- 1 Introduction
- 2 What is HAAR Cascade?
- 3 How HAAR Cascade Works?
- 4 HAAR Cascade vs CNN
- 5 HAAR Cascade File Download
- 6 HAAR Cascade Using OpenCV Python
- 7 Conclusion
In this article, we will be taking a thorough look into the HAAR cascade family of classifiers. It is quite popular in the computer vision community for being excellent object detectors and classifiers due to the fact that they are lightweight, easy to use, and have a very high inference speed. We will explain to you how HAAR Cascade works and then show you how to perform face detection with HAAR Cascade in OpenCV.
What is HAAR Cascade?
HAAR cascade is a feature-based algorithm for object detection that was proposed in 2001 by Paul Viola and Michael Jones in their paper, “Rapid Object Detection using a Boosted Cascade of Simple Features”.
The original implementation is used to detect the frontal face and its features like Eyes, Nose, and Mouth. However, there pre-trained HAAR cascade available in their GitHub for other objects as well like for full body, upper body, lower body, smile, and many more.
How HAAR Cascade Works?
In their paper, the author presented a new and faster method of processing images and detecting faces using rectangular features as shown below. The rectangular features which are similar to the kernel are used to detect different features of the face like eyes and notes as shown in the illustration.
The rectangular features are slid across the image and the sum of the pixel that lies in the white part is subtracted from the sum of the pixels falling in the black part.
In the below illustration, the first rectangular feature is calculating the difference in intensity between the eye regions and cheeks regions of the face. And the second rectangular feature is measuring the difference in intensity between the two eye regions and the nose bridge.
So using these rectangular features over an image we can produce thousands of feature points for the image.
However, calculating the sum of pixels in white and black regions throughout the images can be a costly operation especially for large images, so the authors also proposed a method known as an integral image that can achieve the same calculation by performing the operations on just four pixels. A great hack isn’t it?
We can use thousands of labeled images convert them into the HAAR cascade feature map and train it using a machine learning model for creating a face detection classifier.
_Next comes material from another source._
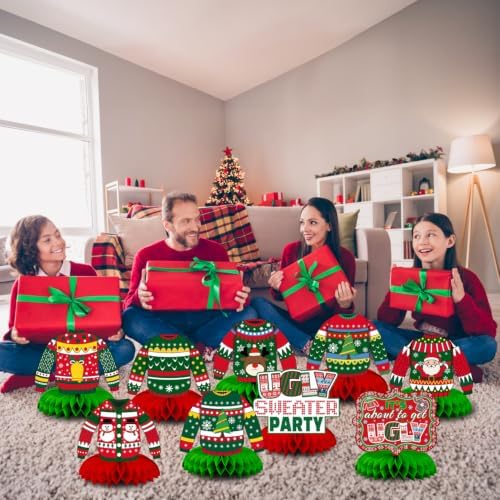Christmas Ugly Sweater Party Decorations Honeycomb Centerpiece - Image 3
We however need to make sure that have a good mix of images with faces and images without faces to train the classifier in a robust manner. In the paper, the author makes use of Ada Boost as it gives the best results.
Face Detection using HAAR Cascade Step by Step
In order to understand how the face detection works using HAAR Cascade classifier which is already trained, let us understand the below steps and illustration –
- Step 1: The image (that has been sent to the classifier) is divided into small parts (or subwindows as shown in the illustration)
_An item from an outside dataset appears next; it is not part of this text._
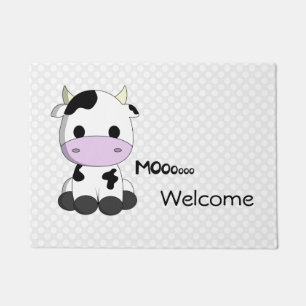 Cute cow cartoon polka dot welcome door mat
- Step 2: We put N no of detectors in a cascading manner where each learns a combination of different types of features from images (e.g. line, edge, circle, square) that are passed through. Supposedly when the feature extraction is done each sub-part is assigned a confidence value.
- Step 3: Images (or sub-images) with the highest confidence are detected as face and are sent to the accumulator while the rest are rejected. Thus the cascade fetches the next frame/image if remaining and starts the process again.
HAAR Cascade vs CNN
Both the CNN and HAAR Cascade classifiers are state-of-the-art computer vision techniques but how are they different? Lets us see the comparison of HAAR Cascade vs CNN –
- Training Data – HAAR Cascade requires comparatively fewer data in order to train whereas CNN requires thousands of images per class to achieve respectable accuracy.
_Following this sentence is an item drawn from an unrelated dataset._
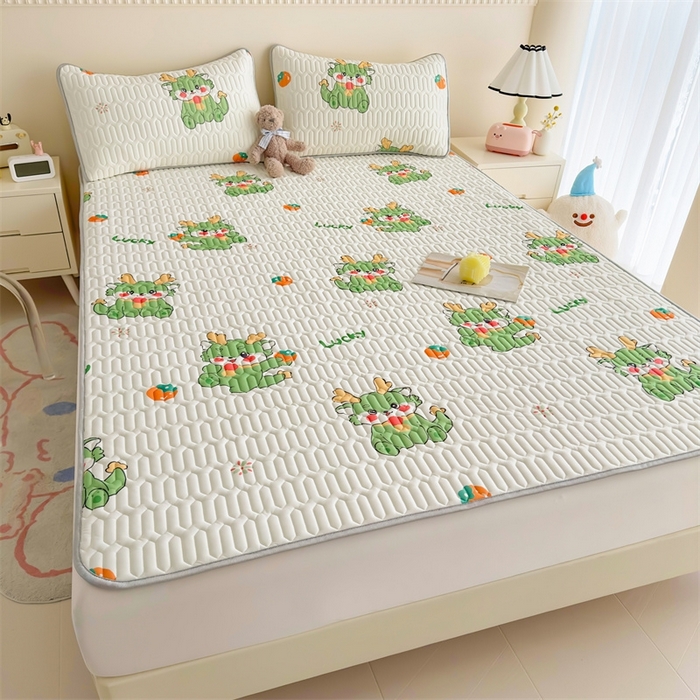 91家纺网 家纺一手货源 找家纺 雯豆2025夏季新品0.4乳胶凉席平铺款三件套凉感丝小清新印花席梦思床罩 乳胶凉席-吉祥龙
- Training and Inference times – The CNN has an upper hand when it comes to processing, training, and inference times. Since cascades are bulkier models they take more time to train and provide an inference.
- SIFT – Scale-invariant feature transform technique is applicable in the case of cascade classifiers but not in CNN. It lets the classify perform well in cases of different scenarios where the object could be present.
- Accuracy – Both CNN and HAAR Cascade classifiers show reasonably good accuracies. But due to revolutionary ongoing research in deep learning, the accuracy of CNN models is almost tending towards 100% now.
- Hyperparameter – There is no experimentation of hyperparametric tuning is required in the case of HAAR cascades. Whereas in the case of CNN it is a painstaking process of tuning hyperparameters that will perform well with your data.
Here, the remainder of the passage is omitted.